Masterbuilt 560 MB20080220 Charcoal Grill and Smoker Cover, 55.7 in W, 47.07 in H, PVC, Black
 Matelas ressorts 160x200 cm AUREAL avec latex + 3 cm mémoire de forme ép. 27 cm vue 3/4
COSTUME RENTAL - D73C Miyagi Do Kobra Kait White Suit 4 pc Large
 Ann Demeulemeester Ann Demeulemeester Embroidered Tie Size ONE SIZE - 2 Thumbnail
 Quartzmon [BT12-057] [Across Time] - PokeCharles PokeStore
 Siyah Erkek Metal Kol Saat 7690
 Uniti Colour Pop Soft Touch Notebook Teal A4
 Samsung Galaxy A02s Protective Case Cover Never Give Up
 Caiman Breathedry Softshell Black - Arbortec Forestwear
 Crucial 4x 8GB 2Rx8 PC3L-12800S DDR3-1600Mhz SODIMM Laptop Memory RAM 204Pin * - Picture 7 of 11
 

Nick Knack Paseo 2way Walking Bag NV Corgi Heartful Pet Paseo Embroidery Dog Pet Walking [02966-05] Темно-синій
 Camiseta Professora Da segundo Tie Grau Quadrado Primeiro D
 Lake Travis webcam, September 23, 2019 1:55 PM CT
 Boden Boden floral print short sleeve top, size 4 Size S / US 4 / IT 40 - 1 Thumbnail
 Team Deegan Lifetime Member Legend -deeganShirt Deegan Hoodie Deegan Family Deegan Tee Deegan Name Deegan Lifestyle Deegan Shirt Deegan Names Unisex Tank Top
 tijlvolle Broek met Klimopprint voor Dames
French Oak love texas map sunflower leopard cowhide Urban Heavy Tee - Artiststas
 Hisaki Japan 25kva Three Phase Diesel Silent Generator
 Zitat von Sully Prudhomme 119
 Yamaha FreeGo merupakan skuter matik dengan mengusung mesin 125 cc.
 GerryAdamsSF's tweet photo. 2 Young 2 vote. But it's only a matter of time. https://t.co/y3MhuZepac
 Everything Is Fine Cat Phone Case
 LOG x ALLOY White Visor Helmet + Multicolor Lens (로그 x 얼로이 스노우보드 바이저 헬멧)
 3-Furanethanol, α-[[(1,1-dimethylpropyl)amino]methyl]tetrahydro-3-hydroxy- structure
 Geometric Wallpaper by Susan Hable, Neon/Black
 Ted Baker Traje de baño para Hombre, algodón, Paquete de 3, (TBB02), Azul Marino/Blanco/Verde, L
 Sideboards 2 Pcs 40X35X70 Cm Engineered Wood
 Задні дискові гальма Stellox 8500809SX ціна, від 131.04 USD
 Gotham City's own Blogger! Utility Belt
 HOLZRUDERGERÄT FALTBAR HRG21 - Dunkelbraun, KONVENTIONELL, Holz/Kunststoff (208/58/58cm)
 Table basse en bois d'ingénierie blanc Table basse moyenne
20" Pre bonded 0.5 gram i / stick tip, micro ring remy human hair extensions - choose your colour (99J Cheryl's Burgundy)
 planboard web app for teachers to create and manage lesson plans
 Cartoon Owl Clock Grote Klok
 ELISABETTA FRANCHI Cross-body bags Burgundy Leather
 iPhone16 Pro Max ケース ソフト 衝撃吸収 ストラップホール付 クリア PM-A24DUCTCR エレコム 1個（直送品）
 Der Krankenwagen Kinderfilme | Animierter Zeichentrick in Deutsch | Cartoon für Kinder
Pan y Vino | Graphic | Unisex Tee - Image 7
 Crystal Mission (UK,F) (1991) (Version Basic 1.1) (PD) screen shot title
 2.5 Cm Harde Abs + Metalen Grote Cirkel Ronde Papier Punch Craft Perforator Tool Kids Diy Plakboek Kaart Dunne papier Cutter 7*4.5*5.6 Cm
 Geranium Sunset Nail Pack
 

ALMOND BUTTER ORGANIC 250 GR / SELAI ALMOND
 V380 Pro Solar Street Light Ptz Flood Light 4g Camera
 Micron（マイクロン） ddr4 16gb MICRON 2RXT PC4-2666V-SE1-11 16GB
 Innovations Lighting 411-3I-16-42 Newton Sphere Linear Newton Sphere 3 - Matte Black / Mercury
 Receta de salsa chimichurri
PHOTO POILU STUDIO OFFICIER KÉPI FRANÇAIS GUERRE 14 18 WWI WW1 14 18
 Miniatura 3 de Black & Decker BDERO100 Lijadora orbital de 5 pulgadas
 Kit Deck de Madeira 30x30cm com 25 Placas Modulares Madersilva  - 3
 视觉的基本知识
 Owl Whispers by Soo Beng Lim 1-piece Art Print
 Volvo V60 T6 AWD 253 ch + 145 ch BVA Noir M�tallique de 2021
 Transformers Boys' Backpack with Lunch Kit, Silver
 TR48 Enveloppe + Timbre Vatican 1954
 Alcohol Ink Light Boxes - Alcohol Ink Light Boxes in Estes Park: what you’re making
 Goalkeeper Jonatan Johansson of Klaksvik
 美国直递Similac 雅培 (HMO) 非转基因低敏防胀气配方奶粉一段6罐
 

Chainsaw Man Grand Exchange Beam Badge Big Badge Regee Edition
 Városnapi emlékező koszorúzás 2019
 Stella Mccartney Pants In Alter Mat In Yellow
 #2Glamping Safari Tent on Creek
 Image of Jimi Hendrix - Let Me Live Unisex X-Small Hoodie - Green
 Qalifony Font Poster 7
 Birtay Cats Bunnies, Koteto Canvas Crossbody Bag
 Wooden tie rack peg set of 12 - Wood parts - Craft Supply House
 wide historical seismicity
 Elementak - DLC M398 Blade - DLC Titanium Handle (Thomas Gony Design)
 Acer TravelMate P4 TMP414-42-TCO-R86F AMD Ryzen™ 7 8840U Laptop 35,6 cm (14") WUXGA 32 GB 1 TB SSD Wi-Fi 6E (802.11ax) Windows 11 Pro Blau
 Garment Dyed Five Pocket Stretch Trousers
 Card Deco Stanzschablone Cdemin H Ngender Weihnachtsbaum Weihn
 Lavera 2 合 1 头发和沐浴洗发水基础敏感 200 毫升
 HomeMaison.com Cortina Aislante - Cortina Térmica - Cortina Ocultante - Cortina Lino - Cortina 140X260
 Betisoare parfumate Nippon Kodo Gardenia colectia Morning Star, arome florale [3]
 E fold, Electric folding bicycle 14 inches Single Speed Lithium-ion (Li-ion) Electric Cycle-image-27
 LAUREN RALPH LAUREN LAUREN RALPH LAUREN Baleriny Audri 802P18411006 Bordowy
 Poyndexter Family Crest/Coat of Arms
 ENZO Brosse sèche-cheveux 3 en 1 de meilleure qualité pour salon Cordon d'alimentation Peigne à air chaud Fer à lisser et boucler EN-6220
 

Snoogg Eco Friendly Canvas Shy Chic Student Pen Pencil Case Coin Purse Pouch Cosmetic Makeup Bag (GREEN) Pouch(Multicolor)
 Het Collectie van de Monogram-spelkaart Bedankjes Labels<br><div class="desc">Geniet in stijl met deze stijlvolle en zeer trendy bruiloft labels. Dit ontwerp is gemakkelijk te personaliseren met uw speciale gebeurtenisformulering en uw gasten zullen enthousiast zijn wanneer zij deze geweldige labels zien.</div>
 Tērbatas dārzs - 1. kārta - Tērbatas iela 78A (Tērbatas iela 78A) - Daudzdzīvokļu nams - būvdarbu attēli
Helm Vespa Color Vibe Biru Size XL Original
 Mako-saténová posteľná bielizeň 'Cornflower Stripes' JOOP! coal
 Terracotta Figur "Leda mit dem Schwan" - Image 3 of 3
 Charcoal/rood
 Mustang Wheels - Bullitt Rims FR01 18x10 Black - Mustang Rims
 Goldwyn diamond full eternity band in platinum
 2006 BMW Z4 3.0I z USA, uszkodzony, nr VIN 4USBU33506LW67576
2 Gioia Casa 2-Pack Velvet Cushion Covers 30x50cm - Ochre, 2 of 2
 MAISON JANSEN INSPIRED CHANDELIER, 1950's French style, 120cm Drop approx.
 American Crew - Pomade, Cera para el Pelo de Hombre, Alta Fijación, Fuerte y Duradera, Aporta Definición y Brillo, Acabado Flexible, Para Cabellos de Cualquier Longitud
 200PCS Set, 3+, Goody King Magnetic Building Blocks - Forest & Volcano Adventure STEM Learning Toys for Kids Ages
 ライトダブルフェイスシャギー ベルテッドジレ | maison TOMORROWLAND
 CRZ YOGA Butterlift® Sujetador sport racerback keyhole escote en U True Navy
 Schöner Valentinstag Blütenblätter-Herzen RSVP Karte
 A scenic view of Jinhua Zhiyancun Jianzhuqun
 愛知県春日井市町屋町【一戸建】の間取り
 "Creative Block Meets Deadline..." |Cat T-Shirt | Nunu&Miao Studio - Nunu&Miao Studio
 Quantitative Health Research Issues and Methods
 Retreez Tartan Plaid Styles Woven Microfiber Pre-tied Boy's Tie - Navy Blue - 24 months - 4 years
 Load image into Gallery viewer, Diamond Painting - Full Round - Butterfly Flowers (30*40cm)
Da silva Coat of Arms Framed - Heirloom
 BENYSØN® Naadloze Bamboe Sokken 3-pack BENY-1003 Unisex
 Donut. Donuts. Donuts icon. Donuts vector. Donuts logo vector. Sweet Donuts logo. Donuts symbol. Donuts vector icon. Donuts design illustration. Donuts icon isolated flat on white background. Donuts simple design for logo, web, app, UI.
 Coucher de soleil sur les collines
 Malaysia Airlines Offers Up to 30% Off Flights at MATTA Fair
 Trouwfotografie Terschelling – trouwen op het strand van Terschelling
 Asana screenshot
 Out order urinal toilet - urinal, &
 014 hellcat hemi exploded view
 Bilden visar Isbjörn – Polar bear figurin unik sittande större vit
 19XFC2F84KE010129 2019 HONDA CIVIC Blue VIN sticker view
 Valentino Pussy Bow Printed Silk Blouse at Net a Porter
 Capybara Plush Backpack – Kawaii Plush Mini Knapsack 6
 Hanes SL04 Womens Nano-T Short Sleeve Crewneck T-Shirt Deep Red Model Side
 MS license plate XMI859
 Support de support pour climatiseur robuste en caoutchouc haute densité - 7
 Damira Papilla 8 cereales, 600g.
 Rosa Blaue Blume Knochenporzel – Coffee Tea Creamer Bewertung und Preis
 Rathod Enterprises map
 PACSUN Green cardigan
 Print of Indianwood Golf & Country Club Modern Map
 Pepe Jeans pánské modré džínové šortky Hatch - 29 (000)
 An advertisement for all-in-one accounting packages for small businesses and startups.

## ACTION ITEM
What is the number of lines above that contain "Backpack"? Answer with that number only.

## ANSWER SPACE
2